### What this task involves
Every line from the one with "Nippon America BNC-58" to the end of the listing, and nothing else, is to be printed exactly; please leave the pictures out.

### Data for the task

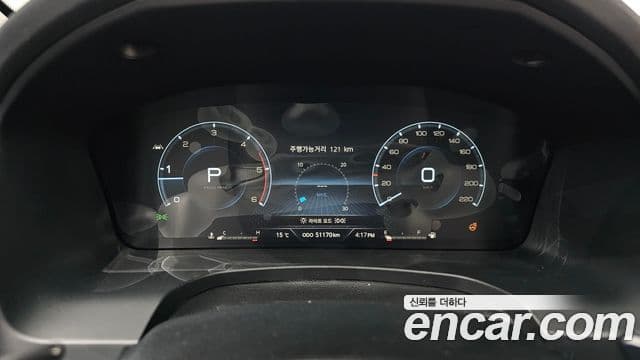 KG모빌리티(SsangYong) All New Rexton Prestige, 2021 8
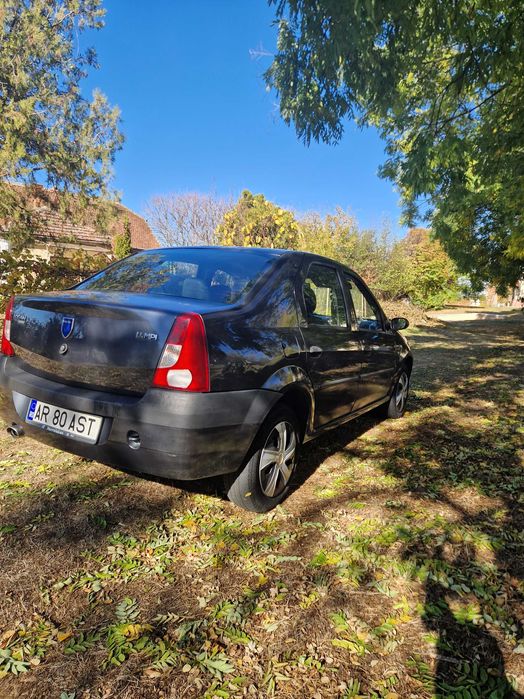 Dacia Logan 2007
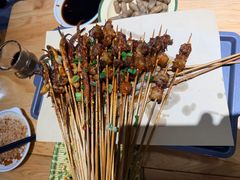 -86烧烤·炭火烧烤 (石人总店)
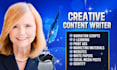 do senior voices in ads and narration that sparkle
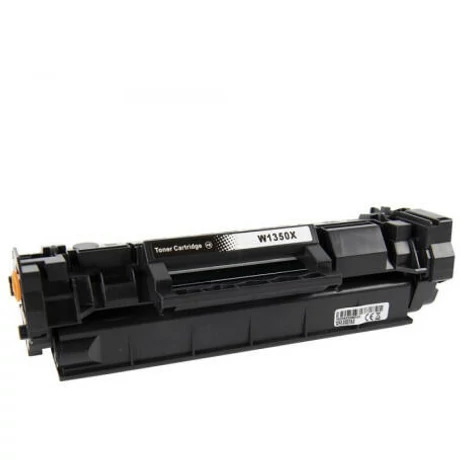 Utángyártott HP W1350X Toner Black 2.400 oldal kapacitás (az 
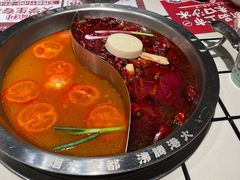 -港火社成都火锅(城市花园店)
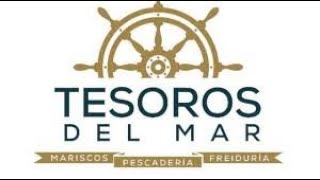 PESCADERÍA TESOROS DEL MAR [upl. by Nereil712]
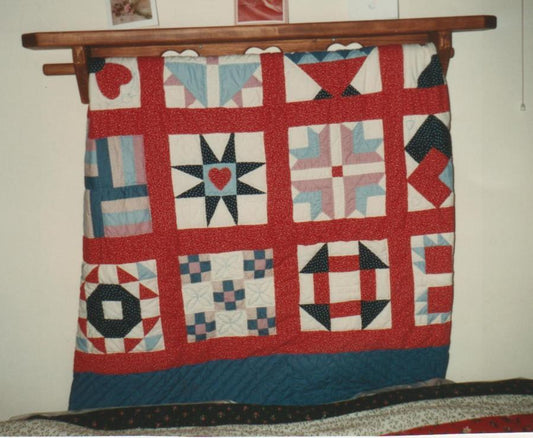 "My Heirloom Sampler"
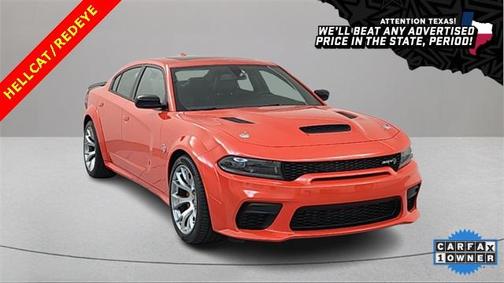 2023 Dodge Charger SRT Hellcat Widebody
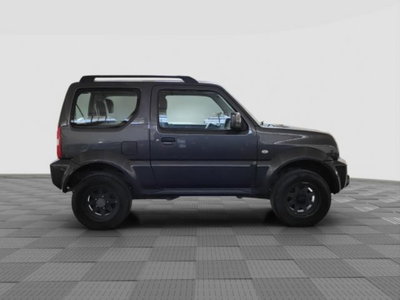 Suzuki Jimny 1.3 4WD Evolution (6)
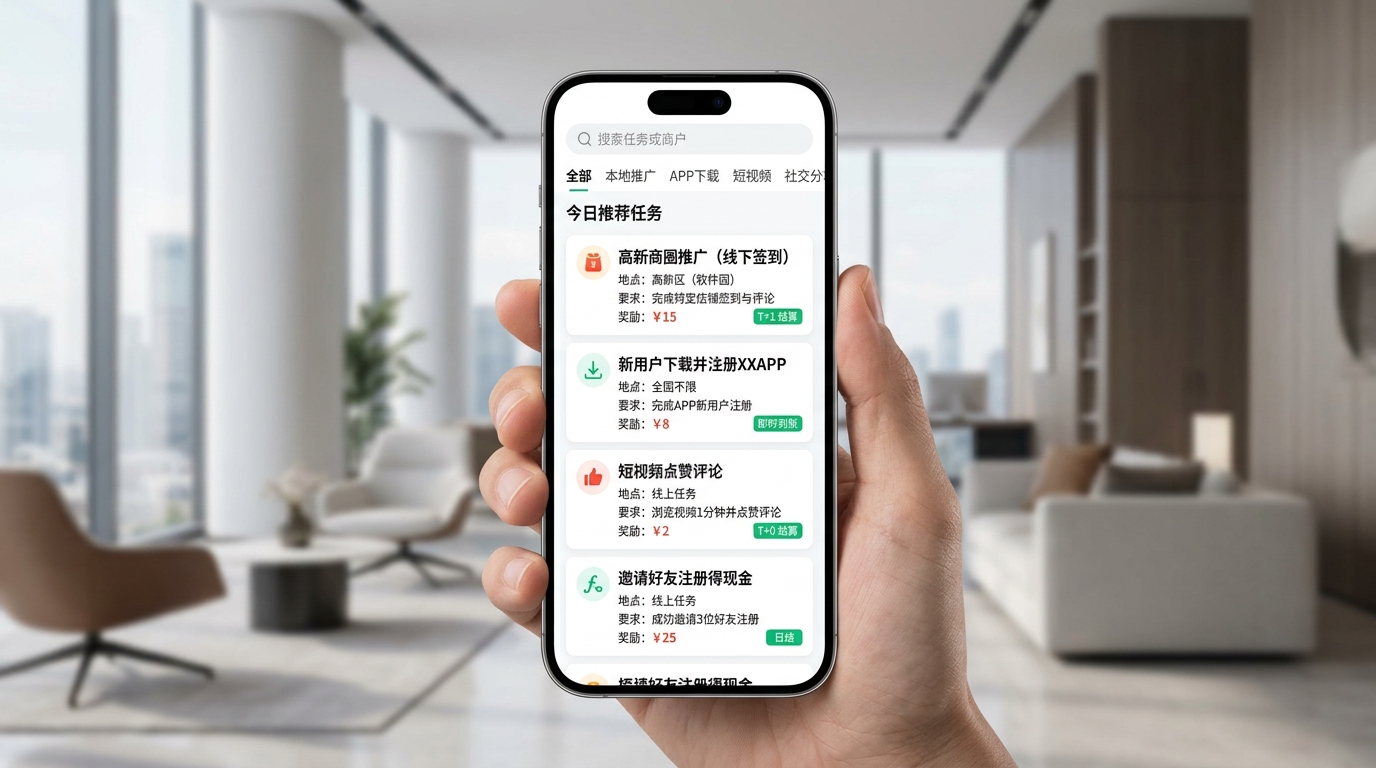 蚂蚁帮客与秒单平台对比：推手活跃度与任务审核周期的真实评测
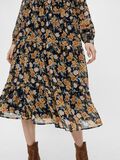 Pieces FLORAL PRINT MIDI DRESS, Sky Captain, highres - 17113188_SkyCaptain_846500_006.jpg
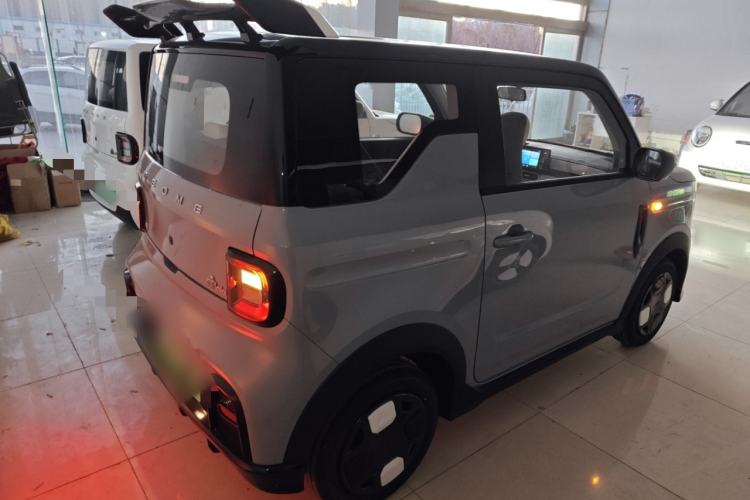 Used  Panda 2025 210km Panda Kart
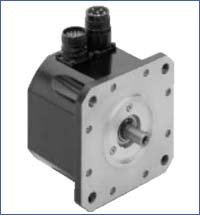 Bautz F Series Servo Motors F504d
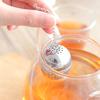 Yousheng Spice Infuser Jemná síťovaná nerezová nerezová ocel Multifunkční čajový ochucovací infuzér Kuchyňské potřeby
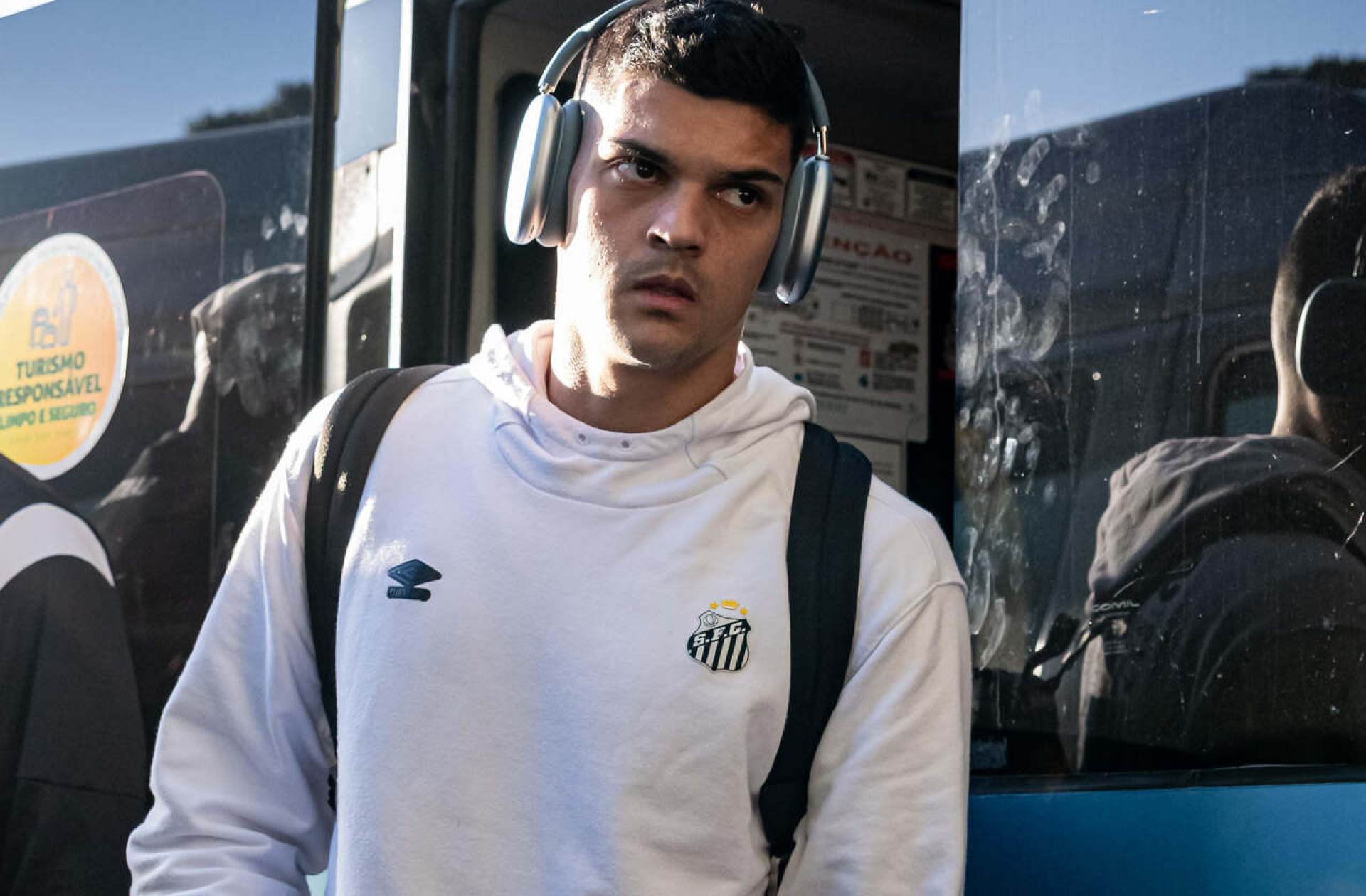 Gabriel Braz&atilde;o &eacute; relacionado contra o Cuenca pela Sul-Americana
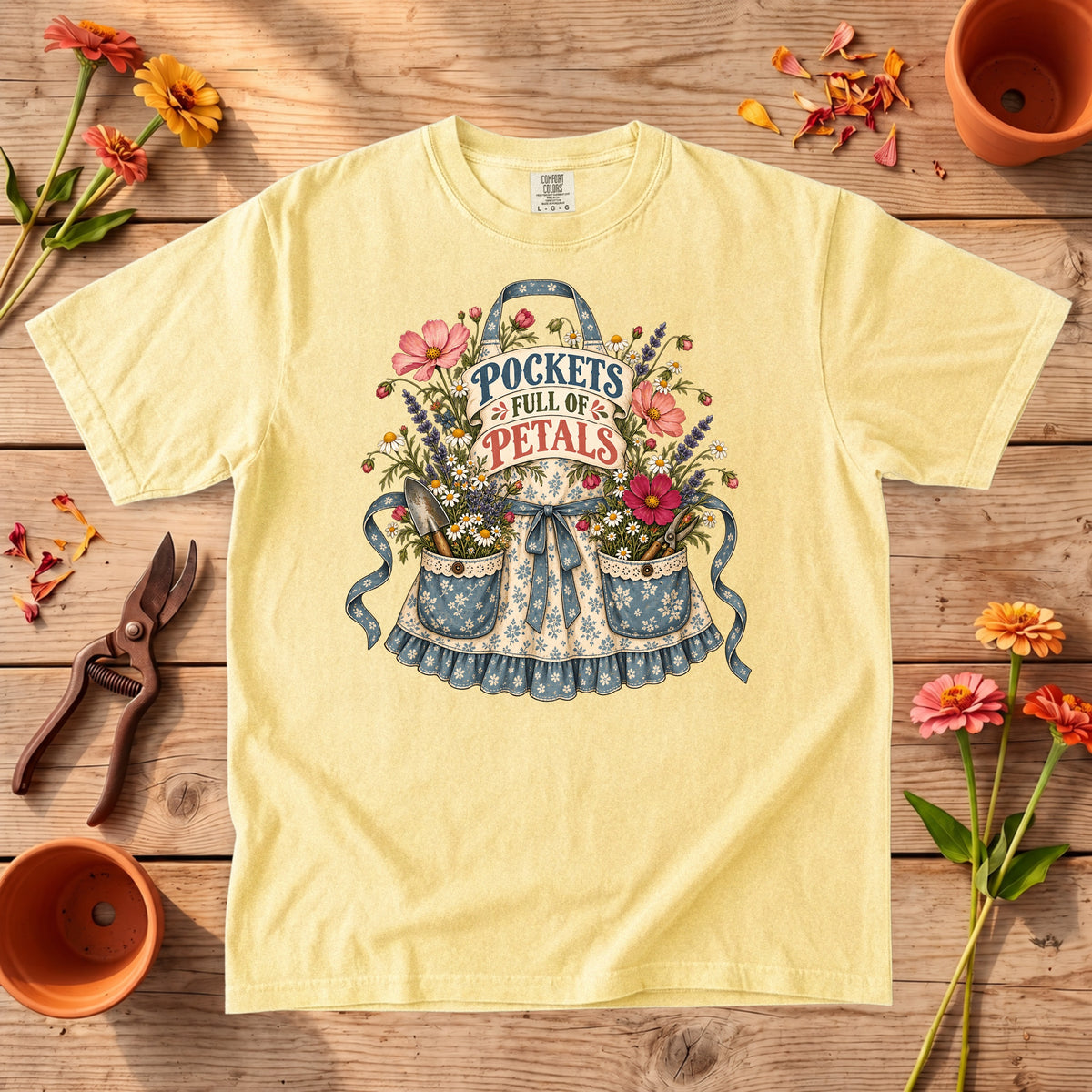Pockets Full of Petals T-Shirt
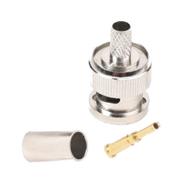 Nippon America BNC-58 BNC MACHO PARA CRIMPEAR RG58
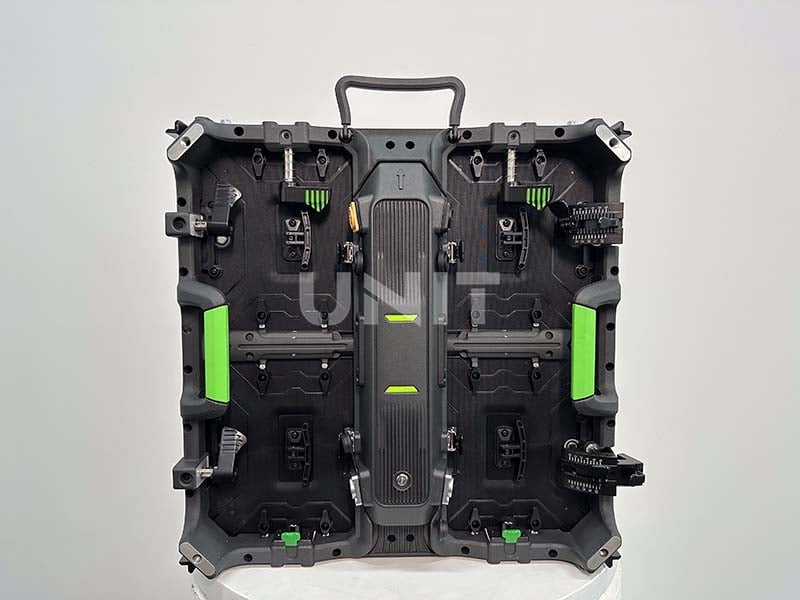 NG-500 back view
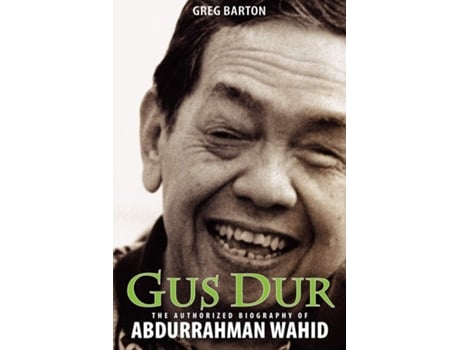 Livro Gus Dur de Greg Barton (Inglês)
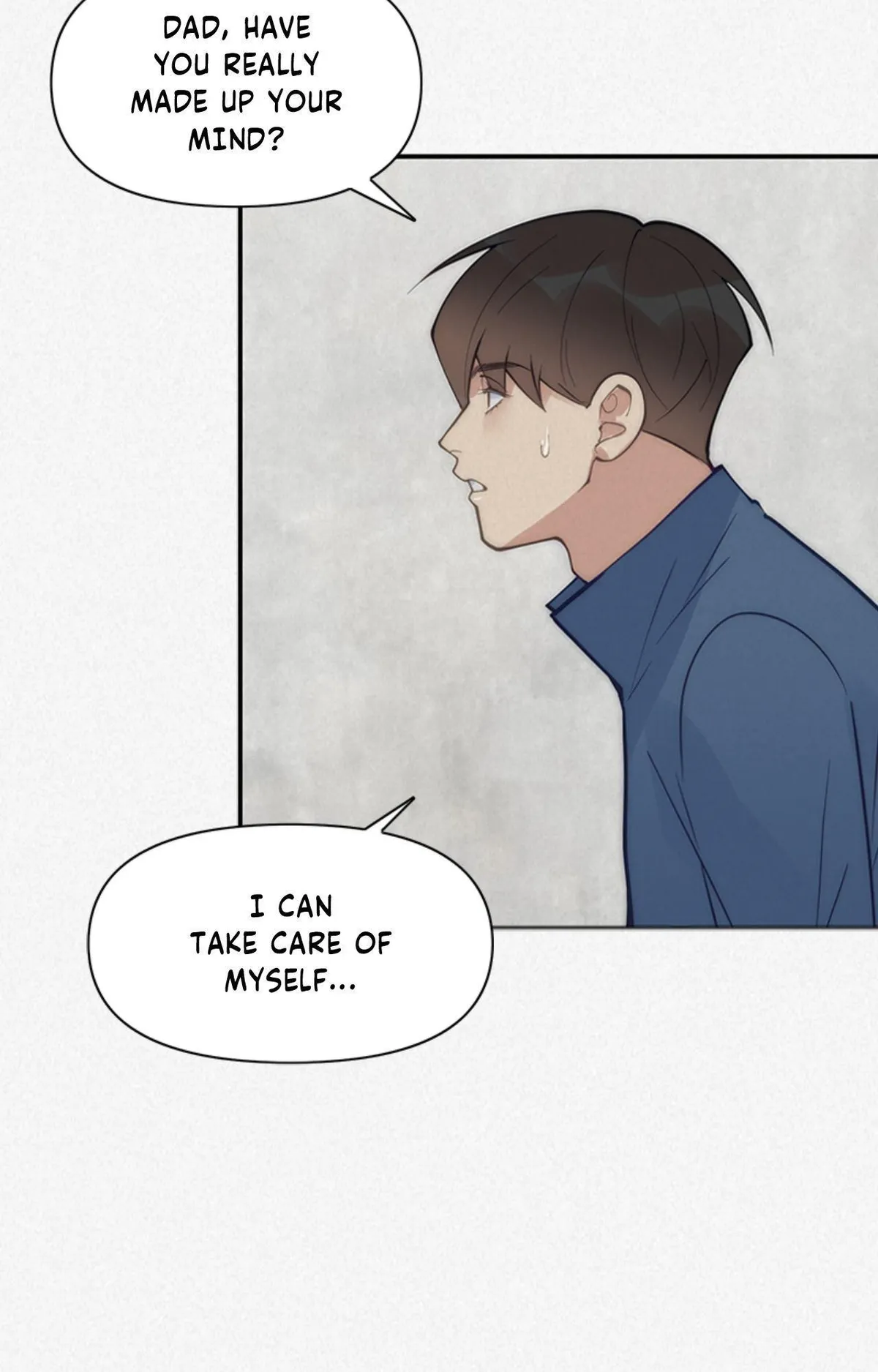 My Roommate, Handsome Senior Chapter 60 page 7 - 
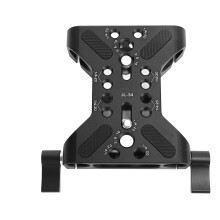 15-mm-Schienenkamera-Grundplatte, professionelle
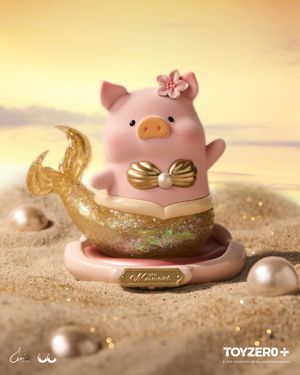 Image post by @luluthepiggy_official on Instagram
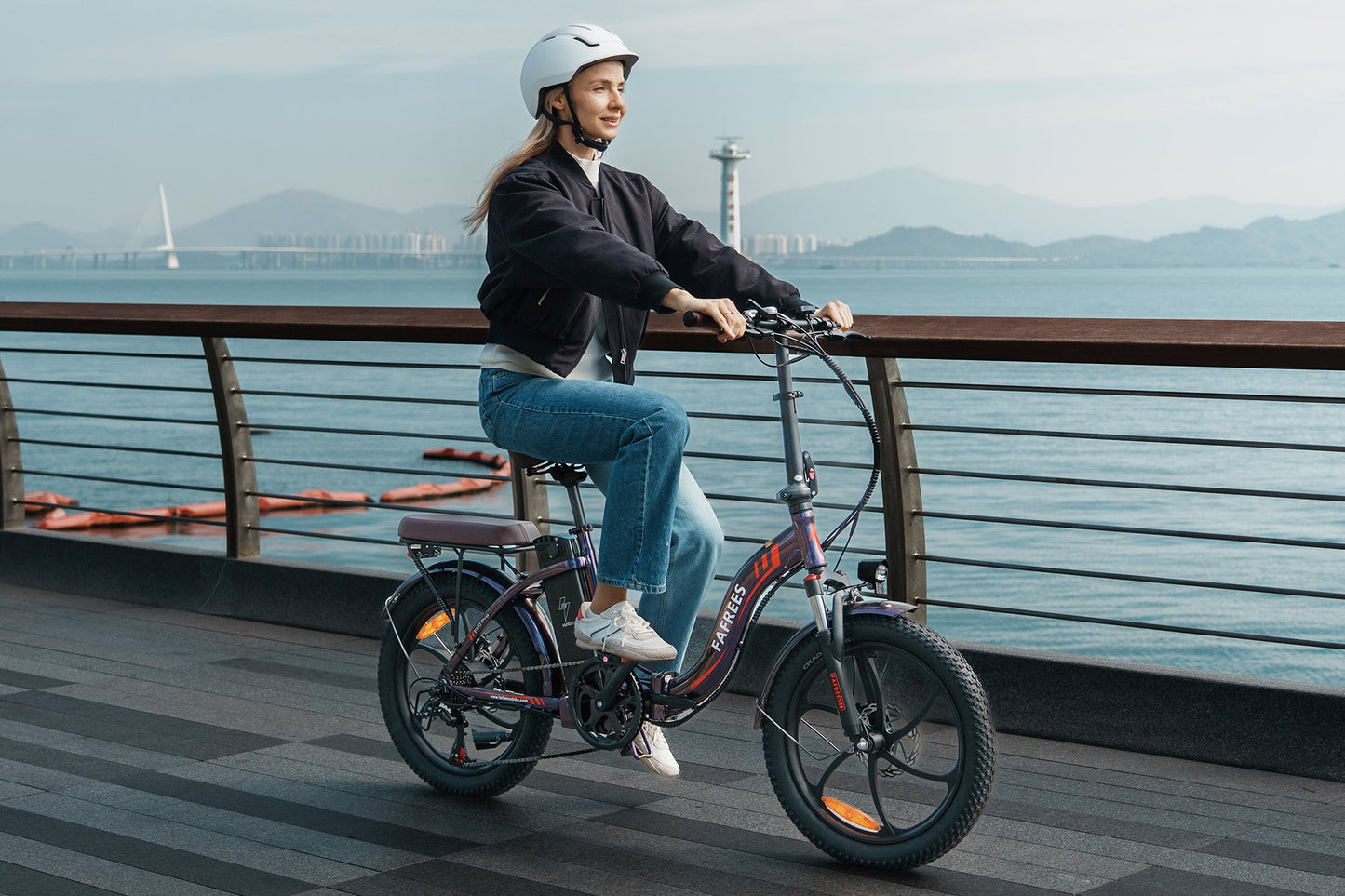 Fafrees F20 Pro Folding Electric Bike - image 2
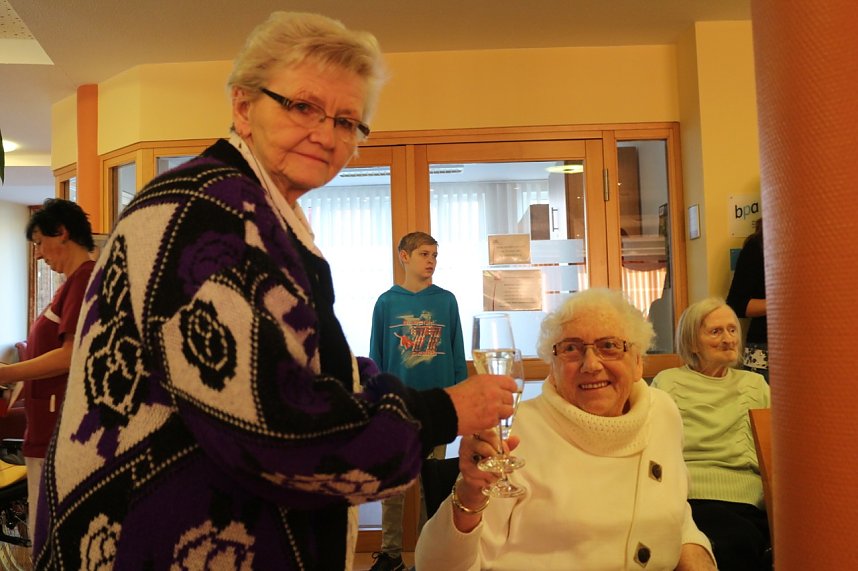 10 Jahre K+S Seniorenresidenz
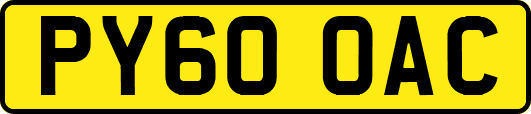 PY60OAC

### Solved problem
 Nippon America BNC-58 BNC MACHO PARA CRIMPEAR RG58
 NG-500 back view
 Livro Gus Dur de Greg Barton (Inglês)
 My Roommate, Handsome Senior Chapter 60 page 7 - 
 15-mm-Schienenkamera-Grundplatte, professionelle
 Image post by @luluthepiggy_official on Instagram
 Fafrees F20 Pro Folding Electric Bike - image 2
 10 Jahre K+S Seniorenresidenz
 PY60OAC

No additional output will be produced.